#### What the exercise asks
Every line from the one containing "Comfortable And Fully" to the last line of the listing below should be given again exactly.

◇ ◇ ◇ ◇ ◇

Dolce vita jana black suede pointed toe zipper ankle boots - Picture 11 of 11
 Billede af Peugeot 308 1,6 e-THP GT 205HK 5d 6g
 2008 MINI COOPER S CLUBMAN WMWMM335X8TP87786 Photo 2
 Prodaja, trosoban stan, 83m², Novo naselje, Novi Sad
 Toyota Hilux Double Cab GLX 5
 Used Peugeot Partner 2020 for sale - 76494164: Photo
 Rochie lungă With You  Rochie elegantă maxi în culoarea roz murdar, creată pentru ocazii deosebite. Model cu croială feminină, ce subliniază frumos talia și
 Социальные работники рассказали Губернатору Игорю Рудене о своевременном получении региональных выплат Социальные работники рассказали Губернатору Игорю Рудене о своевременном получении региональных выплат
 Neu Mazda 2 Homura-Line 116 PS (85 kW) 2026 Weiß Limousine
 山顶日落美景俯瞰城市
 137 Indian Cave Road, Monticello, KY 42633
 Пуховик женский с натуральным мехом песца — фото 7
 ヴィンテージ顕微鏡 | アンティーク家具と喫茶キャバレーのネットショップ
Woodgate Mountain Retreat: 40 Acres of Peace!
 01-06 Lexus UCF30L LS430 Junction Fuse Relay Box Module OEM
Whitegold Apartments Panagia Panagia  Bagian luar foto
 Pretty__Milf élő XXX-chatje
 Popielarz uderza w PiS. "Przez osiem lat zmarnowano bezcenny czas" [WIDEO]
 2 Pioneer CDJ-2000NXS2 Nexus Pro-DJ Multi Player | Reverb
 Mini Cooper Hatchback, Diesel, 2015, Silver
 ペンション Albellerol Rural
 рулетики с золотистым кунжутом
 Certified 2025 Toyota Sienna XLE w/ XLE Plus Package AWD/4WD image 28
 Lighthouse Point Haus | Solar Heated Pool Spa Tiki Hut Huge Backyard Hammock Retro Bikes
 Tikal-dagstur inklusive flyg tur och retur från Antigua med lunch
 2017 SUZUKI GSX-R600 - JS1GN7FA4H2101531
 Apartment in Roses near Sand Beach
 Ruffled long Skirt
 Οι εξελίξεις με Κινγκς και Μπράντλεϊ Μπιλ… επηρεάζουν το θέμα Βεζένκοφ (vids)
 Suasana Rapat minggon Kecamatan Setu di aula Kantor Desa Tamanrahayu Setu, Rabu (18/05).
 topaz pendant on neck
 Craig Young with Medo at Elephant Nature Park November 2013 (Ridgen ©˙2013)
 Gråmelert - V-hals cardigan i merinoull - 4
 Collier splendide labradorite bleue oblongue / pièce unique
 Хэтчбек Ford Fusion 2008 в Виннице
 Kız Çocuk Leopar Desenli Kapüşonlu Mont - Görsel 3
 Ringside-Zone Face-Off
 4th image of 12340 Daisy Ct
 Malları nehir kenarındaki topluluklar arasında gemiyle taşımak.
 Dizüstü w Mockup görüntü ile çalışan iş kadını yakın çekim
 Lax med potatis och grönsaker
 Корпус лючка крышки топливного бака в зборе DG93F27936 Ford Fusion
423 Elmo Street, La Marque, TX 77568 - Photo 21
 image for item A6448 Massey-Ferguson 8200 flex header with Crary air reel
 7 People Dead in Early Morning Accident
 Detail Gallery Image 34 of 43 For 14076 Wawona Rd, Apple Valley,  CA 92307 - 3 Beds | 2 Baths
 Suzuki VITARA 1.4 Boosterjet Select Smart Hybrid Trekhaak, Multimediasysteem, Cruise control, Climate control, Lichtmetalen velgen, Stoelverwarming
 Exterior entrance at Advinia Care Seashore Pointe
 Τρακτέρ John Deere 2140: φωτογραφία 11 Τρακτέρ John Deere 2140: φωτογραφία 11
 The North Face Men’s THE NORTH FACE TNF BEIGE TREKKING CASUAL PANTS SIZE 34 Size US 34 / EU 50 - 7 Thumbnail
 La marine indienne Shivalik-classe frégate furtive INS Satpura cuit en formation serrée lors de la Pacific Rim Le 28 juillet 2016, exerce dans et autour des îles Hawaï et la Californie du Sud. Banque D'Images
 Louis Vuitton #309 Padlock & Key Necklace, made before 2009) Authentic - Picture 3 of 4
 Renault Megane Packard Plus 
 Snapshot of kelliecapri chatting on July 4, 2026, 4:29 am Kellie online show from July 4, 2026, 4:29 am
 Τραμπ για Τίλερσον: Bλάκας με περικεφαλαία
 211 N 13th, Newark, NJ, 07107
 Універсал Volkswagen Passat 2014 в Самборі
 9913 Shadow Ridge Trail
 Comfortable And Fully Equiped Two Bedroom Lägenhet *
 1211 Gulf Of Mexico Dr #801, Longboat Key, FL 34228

◇ ◇ ◇ ◇ ◇

#### Task response
 Comfortable And Fully Equiped Two Bedroom Lägenhet *
 1211 Gulf Of Mexico Dr #801, Longboat Key, FL 34228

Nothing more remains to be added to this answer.